Molly Wickham, a member of the Gidimt’en clan (right) with fellow protestor on Morice River road protesting the injunction to let Coastal Gas onto their territory on December 17, 2018 | Photo by Sawyer Bogdan
After a judged approved an injunction against the Unist’ot’en for blocking the Morice River Bridge, other Wet’suwet’en clans have stepped in.
The blockade has been moved onto Cas Yika territory, a member of the Gidimt’en clan 44 km before Unist’ot’en territory.
Molly Wickham, a member of the Gidimt’en clan, said the five clans of the Wet’suwet’en are banning together to protect their territory.
“Now that the injunction has come down it’s a safety risk to all of our territories and all of the people on the territories,” said Wickham.
Wickham is one of the people enforcing the access checkpoint alone the Morice River logging road.
She said they are only letting those through who are going to be respectful and not damage the land.
At this point, they are letting all Canfor Sawmill trucks come and go along the road.
At a court hearing on Friday, a judge stated they had until Monday at 3:30 pm to let Coastal Gas Links onto the Unist’ot’en territory to start construction.
As of 8 pm Monday night no one had shown up to enforce the injunction.
The temporary injunction is in place until May 31, 2019, to give the Unist’ot’en more time to prepare a response.
The Coastal Gas Links pipeline is part of the LNG project, estimated to generate $23-billion in public revenue over the next 40 years in BC.

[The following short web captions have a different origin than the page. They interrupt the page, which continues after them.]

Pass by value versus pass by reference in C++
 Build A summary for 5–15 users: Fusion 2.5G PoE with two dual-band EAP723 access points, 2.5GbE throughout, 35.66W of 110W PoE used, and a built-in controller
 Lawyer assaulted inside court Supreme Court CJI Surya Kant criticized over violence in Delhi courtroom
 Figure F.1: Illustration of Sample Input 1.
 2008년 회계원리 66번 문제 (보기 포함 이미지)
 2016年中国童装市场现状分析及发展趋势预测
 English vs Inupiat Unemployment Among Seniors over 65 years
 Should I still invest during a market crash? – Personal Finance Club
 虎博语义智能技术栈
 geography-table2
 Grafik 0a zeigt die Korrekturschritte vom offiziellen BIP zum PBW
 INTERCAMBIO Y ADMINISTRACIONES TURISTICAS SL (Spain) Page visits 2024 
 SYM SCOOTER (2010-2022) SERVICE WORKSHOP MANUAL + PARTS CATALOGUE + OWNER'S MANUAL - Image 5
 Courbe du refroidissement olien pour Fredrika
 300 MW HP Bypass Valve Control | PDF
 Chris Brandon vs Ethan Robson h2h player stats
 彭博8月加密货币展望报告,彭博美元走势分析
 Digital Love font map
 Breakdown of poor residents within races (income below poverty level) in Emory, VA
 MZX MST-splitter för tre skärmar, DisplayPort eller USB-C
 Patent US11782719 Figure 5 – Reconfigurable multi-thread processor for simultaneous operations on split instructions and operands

The project is estimated to employee 10,000 people in the construction of the pipeline and then 950 people once they finish construction.
The Hereditary Chefs are the ones who have the final say and the power to make agreements on behalf of the nation about their territories.
Chief Na’mocks Hereditary Chief of the Wet’suwet’en said the Hereditary Chiefs have not given LNG permission to go onto the land.